More on being a Marsh-wiggle

Yesterday I wrote of the call to a kind of solitude in prayer and openness to the Spirit leading to “mov[ing] deeper into the saltmarsh of the spirit, closer to the edge of the last sea…”

I’m aware of some ambiguity here. Am I suggesting a life of physical solitude, moving away from marriage, and the companionship of Friends, to a distant shed or cabin in the woods, as some, notably Thomas Merton and Brother Ramon SSF, have done? Catherine Doherty wrote of a poustinia in the marketplace: a hermitage set among city streets, with some kind of an outreach, an “apostolate” in the Roman Catholic terminology. Is that what’s involved? I have asked myself these questions for many years, and the answer seems gradually to be emerging in a way simpler and stranger than I had imagined.

Eve Baker writes:
The desert to which the solitary is called is not a place, but something that must be there below the surface of ordinary human existence. It is nowhere, a place of thirst after God…
The disciplines of solitude will be different for everyone. Maintaining an inner cell of quiet will be a greater struggle for the person with family obligations or for those whose life involves working closely with other people… It is like having a compass in one’s hand, pointing to the true north. The busyness of life will swing the needle, but it will return again to the same direction.
I have found myself with very few family obligations, and since taking early retirement after an accident, few definite obligations to other people. But my heart is easily divided, and I far too readily fall into old patterns of treating contemplation as raids into the unknown in search of material. I have been a poet, and an improvising, occasionally composing musician; it is hard to break habits developed over many years

For me, I am coming to believe, there has to be a pattern of a very interior asceticism.
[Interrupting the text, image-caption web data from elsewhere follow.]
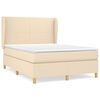 vidaXL &Kappa;&rho;&epsilon;&beta;ά&tau;&iota; Boxspring &mu;&epsilon; &Sigma;&tau;&rho;ώ&mu;&alpha; &Kappa;&rho;&epsilon;&mu; 140x200 &epsilon;&kappa;. &Upsilon;&phi;&alpha;&sigma;&mu;ά&tau;&iota;&nu;&omicron;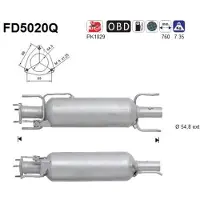 As FD5020Q Roetfilter (DPF)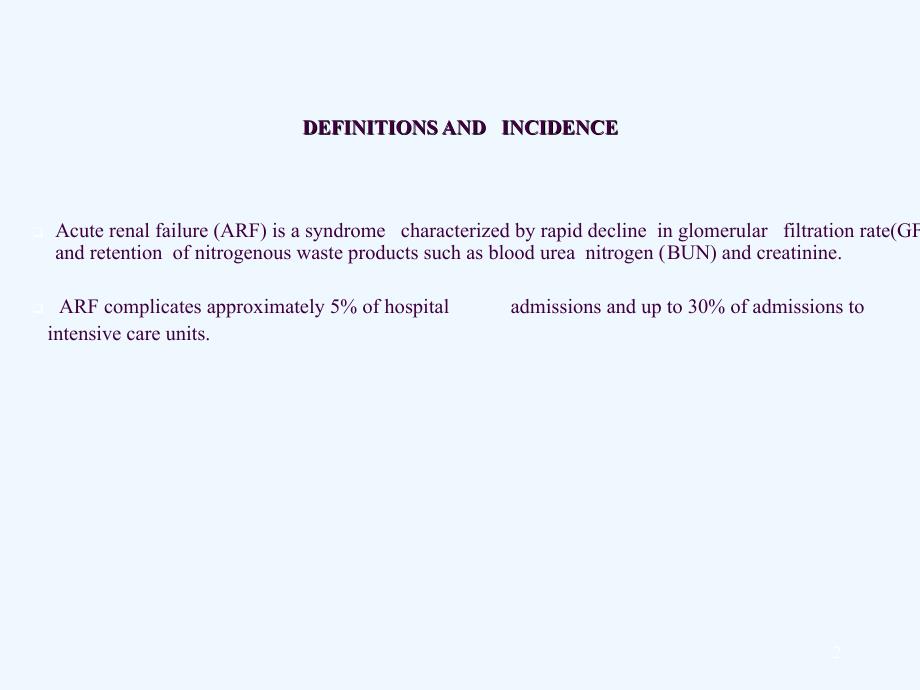 肾病急性肾衰竭英文ppt课件_第2页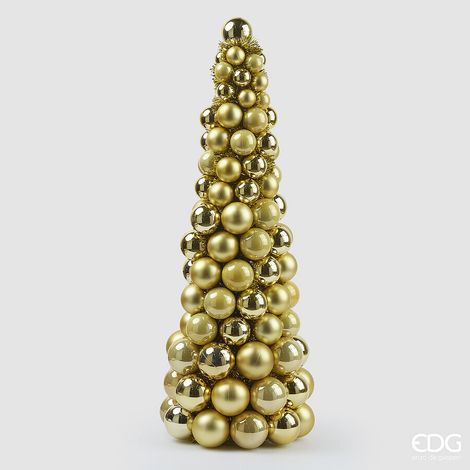 EDG Enzo De Gasperi Topiary Pallemix Cono Natale X120 H 65 Cm D 25 Cm Gold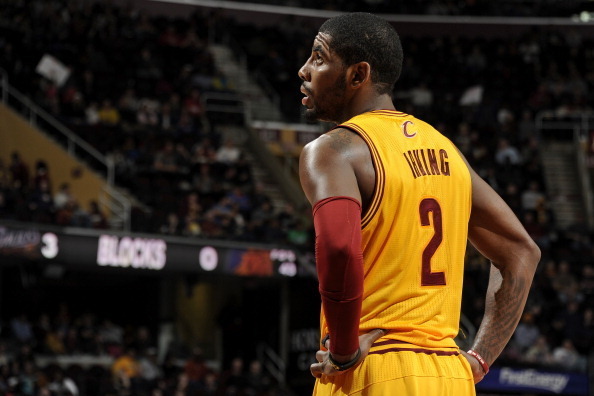 CLEVELAND, OH - JANUARY 26:  Kyrie Irving #2 of the Cleveland Cavaliers stands on the court against the Phoenix Suns at The Quicken Loans Arena on January 26, 2014 in Cleveland, Ohio. NOTE TO USER: User expressly acknowledges and agrees that, by downloadi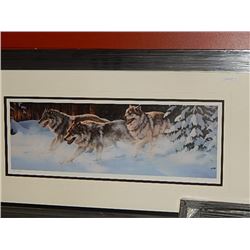 FRAMED LIMITED EDITION PRINT - HUNTING PARTY - MAURADE BAYNTON - GALLERY ESTIMATE - $625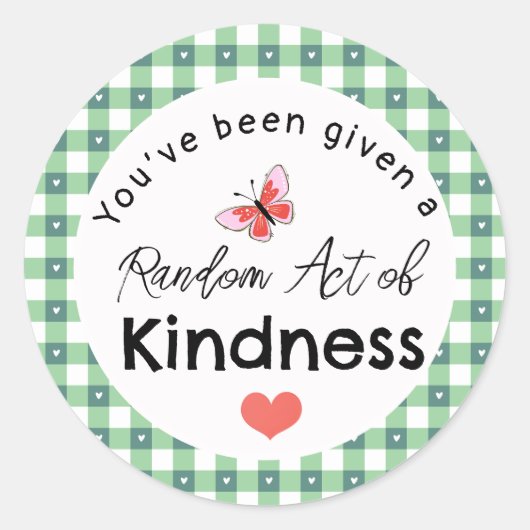 Random Act of Kindness 名刺 | お礼のお返しに ラウンドシール (正面)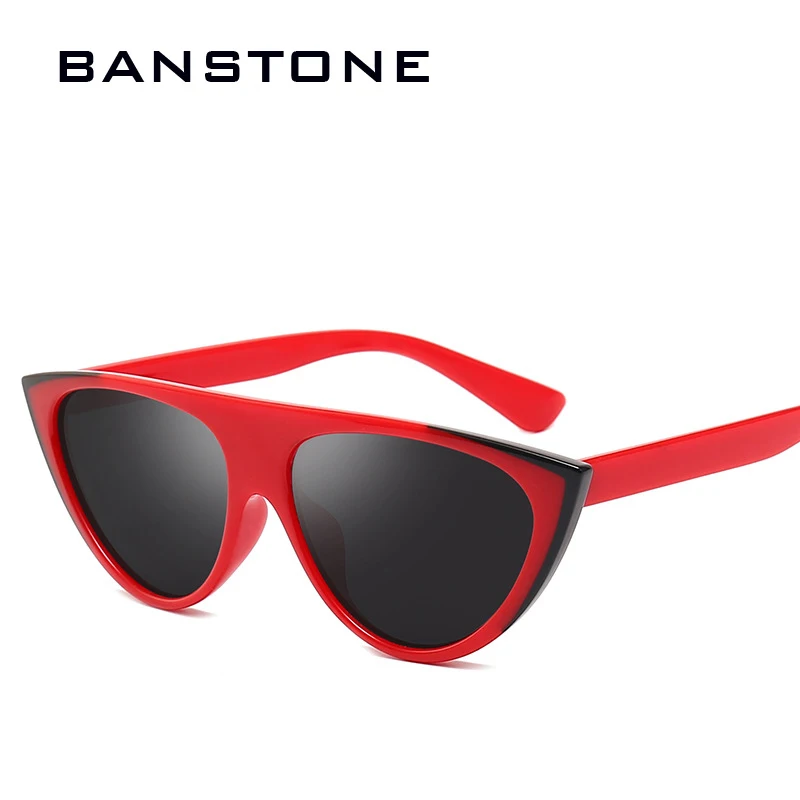 BANSTONE Cateye Солнцезащитные Стекло es для Для женщин пикантные Винтаж UV400 очки для компьютера Элитный бренд дизайн красное солнце Стекло, очки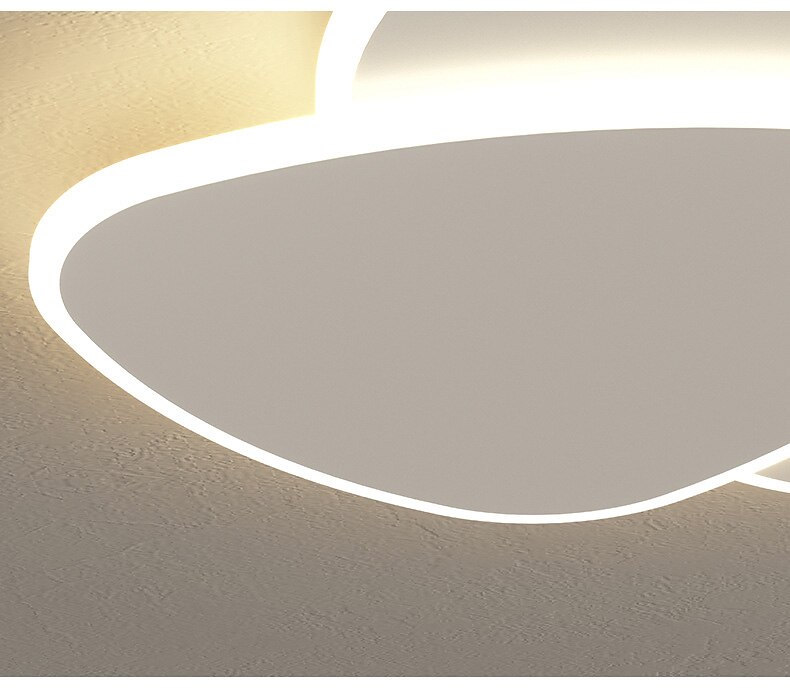ledet taklampe 40 50 cm geometriske former innfelt lys metall moderne stil geometrisk malte overflater ledet moderne 220-240v 2025 - $182.99 –P5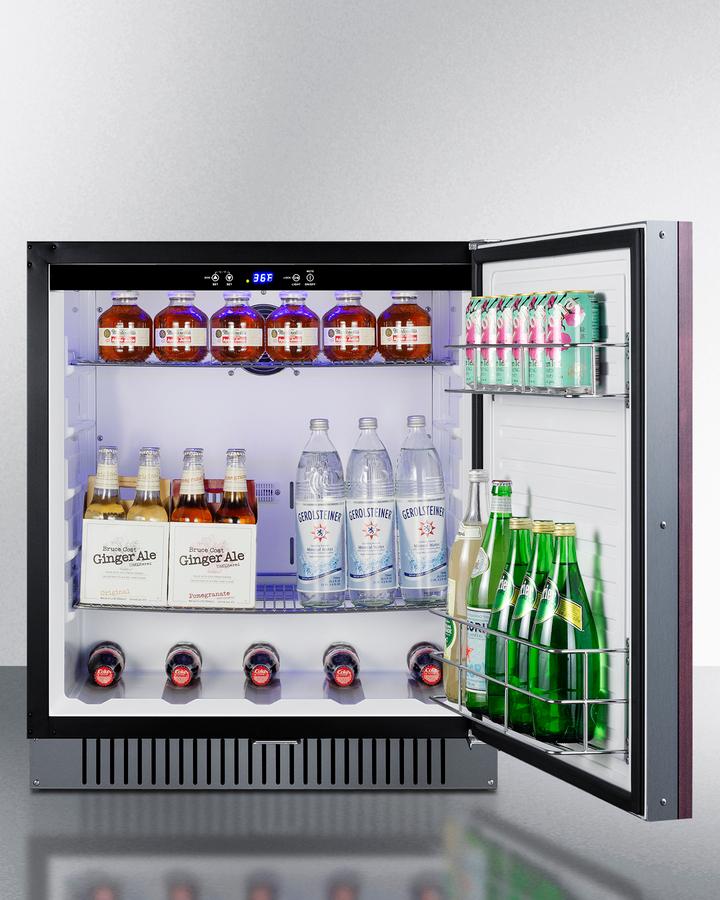 Summit FF27BSSADAIFLHD 27" Wide Built-In All-Refrigerator, Ada Compliant (Panel Not Included) - Image 5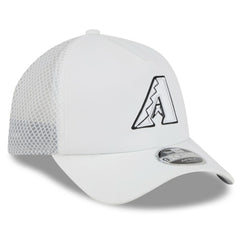 Arizona Diamondbacks New Era 2026 Batting Practice Apex 9FORTY Adjustable Trucker Hat - White - New Era Discount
As Baker writes, “Dramatic gestures are easy, simple faithfulness requires more effort.” It may be that I have to some degree to restrict my involvement in the busyness of Quaker life. Certainly I must be extremely careful of unthinking creative commitments!

Eve Baker again:
Prayer is not so much a matter of specific occasions, forms, words, but a constant orientation towards God which becomes habitual. This is the hidden life which goes on inside the external one which differs little from any other human life except for the hidden search for solitude, silence and simplicity…
I am beginning to find, all over again, the essence of the tax collector’s prayer in Luke 18.13-14, “God be merciful to me, a sinner!” The more transparent one’s life becomes to the light, the more that light shows the stains, the broken edges of the heart. This is a very ordinary thing, not at all arcane. Certainly it is nothing to take credit for. The light is what it is; gradually one is laid open, that’s all, and the thing is not to take the offered baits of distraction and easy solace among familiar or shiny things.

There’s a lot I don’t understand; but the saltmarsh of the spirit lies wide along the horizon, and the wind from the sea carries the clean scent of distance.